Staatsoper Hamburg - Hamburg
Location   Große Theaterstraße 25

Staatsoper Hamburg is the oldest publicly accessible musical theater in Germany, located in Hamburg. It was founded in 1678. With the emergence of the Hamburg Opera House, researchers attribute the formation of a national German opera school.

Opera in Hamburg dates to 2 January 1678 when the Oper am Gänsemarkt was inaugurated with a performance of a biblical Singspiel by Johann Theile. It was not a court theatre but the first public opera house in Germany established by the art-loving citizens of Hamburg, a prosperous member of the Hanseatic League.

The Hamburg Bürgeroper resisted the dominance of the Italianate style and rapidly became the leading musical center of the German Baroque. In 1703, George Friedrich Handel was engaged as violinist and harpsichordist and performances of his operas were not long in appearing. In 1705, Hamburg gave the world première of his opera Nero.

In 1721, Georg Philipp Telemann, a central figure of the German Baroque, joined the Hamburg Opera, and in subsequent years Christoph Willibald Gluck, Johann Adolph Hasse and various Italian companies were among the guests.

To replace the aging wooden structure, the first stone was laid on 18 May 1826 for the Stadt-Theater on the present-day site of the Staatsoper Hamburg. The new theater, with seating for 2,800 guest, was inaugurated less than a year later with Beethoven's incidental music to Egmont.

In 1873, both the exterior and interior of the structure were renovated in the reigning "Gründerzeit" style of the time, and again in 1891, when electric lighting was introduced.

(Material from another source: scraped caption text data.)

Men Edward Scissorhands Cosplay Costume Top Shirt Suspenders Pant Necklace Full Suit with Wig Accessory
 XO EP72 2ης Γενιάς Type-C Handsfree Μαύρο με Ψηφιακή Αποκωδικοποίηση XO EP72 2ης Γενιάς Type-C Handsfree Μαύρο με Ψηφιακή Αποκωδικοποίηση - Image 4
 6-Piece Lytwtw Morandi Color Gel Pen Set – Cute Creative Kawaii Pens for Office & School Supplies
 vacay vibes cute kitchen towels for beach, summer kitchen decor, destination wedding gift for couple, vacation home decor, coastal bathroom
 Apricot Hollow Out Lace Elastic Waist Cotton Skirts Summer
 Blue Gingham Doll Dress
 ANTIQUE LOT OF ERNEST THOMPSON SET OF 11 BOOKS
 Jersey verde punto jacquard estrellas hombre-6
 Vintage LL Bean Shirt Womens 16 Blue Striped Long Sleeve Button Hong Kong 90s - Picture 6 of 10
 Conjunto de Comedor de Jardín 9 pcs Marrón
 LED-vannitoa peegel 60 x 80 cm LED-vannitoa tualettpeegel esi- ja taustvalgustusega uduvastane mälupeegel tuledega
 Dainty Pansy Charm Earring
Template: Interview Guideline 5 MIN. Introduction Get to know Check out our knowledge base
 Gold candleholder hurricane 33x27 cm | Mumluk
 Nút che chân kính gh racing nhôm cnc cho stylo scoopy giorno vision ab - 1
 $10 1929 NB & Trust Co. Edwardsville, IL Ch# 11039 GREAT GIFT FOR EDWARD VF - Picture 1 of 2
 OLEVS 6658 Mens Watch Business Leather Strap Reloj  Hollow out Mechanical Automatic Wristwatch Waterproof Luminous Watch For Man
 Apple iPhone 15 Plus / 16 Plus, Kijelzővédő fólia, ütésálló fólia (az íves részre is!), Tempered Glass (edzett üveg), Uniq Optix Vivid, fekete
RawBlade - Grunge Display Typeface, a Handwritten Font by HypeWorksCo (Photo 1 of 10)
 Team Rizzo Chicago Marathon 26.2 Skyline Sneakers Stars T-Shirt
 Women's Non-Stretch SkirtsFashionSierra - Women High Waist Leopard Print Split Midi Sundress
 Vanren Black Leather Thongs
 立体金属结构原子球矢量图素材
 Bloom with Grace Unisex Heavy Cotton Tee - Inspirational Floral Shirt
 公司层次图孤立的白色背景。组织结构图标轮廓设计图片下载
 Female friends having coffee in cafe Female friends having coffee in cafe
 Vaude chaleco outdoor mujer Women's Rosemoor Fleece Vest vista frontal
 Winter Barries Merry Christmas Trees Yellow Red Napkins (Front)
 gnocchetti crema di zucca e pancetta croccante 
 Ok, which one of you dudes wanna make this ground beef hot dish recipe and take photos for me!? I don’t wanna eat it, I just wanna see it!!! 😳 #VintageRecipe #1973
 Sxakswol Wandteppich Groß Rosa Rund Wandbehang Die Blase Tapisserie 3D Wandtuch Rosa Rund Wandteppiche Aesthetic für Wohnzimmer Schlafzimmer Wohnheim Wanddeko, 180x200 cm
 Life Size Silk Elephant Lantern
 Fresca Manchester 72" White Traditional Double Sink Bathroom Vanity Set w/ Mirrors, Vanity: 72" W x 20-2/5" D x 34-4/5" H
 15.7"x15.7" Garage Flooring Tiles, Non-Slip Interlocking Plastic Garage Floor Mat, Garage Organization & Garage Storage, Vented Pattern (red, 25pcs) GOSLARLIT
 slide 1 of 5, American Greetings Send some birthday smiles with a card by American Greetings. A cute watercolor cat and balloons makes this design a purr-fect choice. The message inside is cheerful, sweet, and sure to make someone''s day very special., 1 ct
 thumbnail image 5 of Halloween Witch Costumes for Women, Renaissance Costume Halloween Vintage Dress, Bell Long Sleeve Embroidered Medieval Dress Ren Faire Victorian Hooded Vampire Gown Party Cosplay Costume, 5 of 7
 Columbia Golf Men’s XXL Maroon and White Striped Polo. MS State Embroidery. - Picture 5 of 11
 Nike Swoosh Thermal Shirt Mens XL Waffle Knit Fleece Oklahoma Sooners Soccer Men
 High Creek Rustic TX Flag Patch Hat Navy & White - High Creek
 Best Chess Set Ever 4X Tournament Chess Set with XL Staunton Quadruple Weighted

Under the direction of Bernhard Pollini, the house mounted its first complete Ring Cycle in 1879. In 1883, the year of Wagner's death, a cycle comprising nine of his operas commenced. The musical directors Hans von Bülow (from 1887 to 1890) and Gustav Mahler (from 1891 to 1897) also contributed to the fame of the opera house.

In the beginning of the 20th century, opera was an important part of the theatre's repertoire; among the 321 performances during the 1907–08 season, 282 were performances of opera. The Stadt-Theater performed not only established repertoire but also new works, such as Paul Hindemith's Sancta Susanna, Igor Stravinsky's The Soldier's Tale, Ernst Krenek's Jonny spielt auf, and Leoš Janáček's Jenůfa. Ferruccio Busoni's Die Brautwahl (1912) and Erich Wolfgang Korngold's Die tote Stadt (1920) both had their world premieres in Hamburg. In the 1930s, after Hitler came to power, the opera house was renamed Hamburgische Staatsoper.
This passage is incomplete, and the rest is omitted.